Stephin Merritt criou para si mesmo várias regras sagradas de trabalho. Uma – a que ele chama a “teoria ABBA” – estipula que, caso não consiga recordar-se de uma melodia que compôs, é porque, na verdade, ela não merecia ser recordada. Outra, incluída num “Formulist Manifesto”, proclama que “toda a arte aspira à condição do Top 40 bubblegum pop. Nós, formulistas, rejeitamos (com um suspiro de alívio) a iludida aspiração dos modernos à expressão individual”. Daí, decorre uma convicção: “Não preciso de inspiração. Preciso, sim, de tempo, um bloco-notas, uma caneta, e música de fundo apropriada para neutralizar a música que, inevitavelmente, tenho na cabeça”. Acessoriamente, dá-lhe jeito a noção de que “para qualquer ideia, existe, de certeza, um contexto no qual ela é uma boa ideia”. Por exemplo, gravar um álbum em que todas as canções começam por “i”, conceber uma trilogia “no synth”, afogar um disco inteiro em distorção, "à la" Jesus & Mary Chain, ou entregar-se incondicionalmente à escrita das 69 variações possíveis sobre a "love song".
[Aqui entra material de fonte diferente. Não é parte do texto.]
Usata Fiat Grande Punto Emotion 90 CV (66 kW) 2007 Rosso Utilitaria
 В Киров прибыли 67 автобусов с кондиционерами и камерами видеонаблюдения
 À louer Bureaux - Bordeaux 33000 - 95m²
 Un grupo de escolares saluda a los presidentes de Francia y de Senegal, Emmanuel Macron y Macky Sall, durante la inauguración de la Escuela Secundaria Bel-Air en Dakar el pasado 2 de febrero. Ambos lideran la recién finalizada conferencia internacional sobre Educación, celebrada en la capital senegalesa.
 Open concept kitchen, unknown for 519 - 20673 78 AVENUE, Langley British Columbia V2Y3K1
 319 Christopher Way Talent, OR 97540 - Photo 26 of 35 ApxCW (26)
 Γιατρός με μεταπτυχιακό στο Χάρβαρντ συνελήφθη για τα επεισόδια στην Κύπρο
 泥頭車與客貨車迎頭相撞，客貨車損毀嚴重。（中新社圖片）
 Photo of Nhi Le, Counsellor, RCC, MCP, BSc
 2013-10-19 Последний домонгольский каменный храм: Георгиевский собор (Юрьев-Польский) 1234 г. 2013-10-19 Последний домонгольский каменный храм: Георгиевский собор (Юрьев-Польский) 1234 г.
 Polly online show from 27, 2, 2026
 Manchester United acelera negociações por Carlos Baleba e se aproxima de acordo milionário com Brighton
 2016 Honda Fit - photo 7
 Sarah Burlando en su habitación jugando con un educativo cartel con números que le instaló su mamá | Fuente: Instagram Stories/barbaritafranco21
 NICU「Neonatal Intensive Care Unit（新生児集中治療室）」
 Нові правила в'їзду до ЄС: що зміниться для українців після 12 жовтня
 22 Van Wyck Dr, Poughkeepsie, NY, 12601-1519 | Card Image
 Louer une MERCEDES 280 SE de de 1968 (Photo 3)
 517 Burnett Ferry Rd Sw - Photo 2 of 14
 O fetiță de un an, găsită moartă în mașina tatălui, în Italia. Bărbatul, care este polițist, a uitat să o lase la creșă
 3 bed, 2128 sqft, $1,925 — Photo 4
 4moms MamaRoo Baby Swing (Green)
Uma boa ideia foi também a sugestão do presidente da Nonesuch, que, há dois anos, por altura do 50º aniversário de Merritt, lhe propôs compor 50 canções, uma por cada ano de vida. Circunstância ideal para engendrar novas regras: num total superior a 100 instrumentos, apenas 7 poderiam ser utilizados em cada canção, o mesmo par de instrumentos só estaria autorizado a figurar num único tema e cada um deles num máximo de 7 faixas. Complicadinho? Talvez, mas não seria isso que impediria Stephin Merritt de – via Magnetic Fields e, dir-se-ia, todos os seus heterónimos – confeccionar 50 Song Memoir, uma assombrosa e musicalmente eclética autobiografia que funciona também enquanto espelho do último meio século de História americana. E tanto nos conta que foi gerado por “barefoot beatniks”, como revela que a sua primeira banda “made the Cramps sound orchestral, that’s an achievement I guess”, evoca Ginsberg e Stonewall, entoa hinos a Nova Iorque pós 9/11 e ao seu local de trabalho preferido (“sitting in bars and cafes, writing songs about songs and plays within plays”), destila veneno sobre o vasto clube de ex-namorados da mãe (“Na na na na, you’re dead now!”) e termina celebrando a gloriosa diversidade do sexo: “Nothing’s too strange for somebody’s palate, some spank the maid, and some wank the valet”.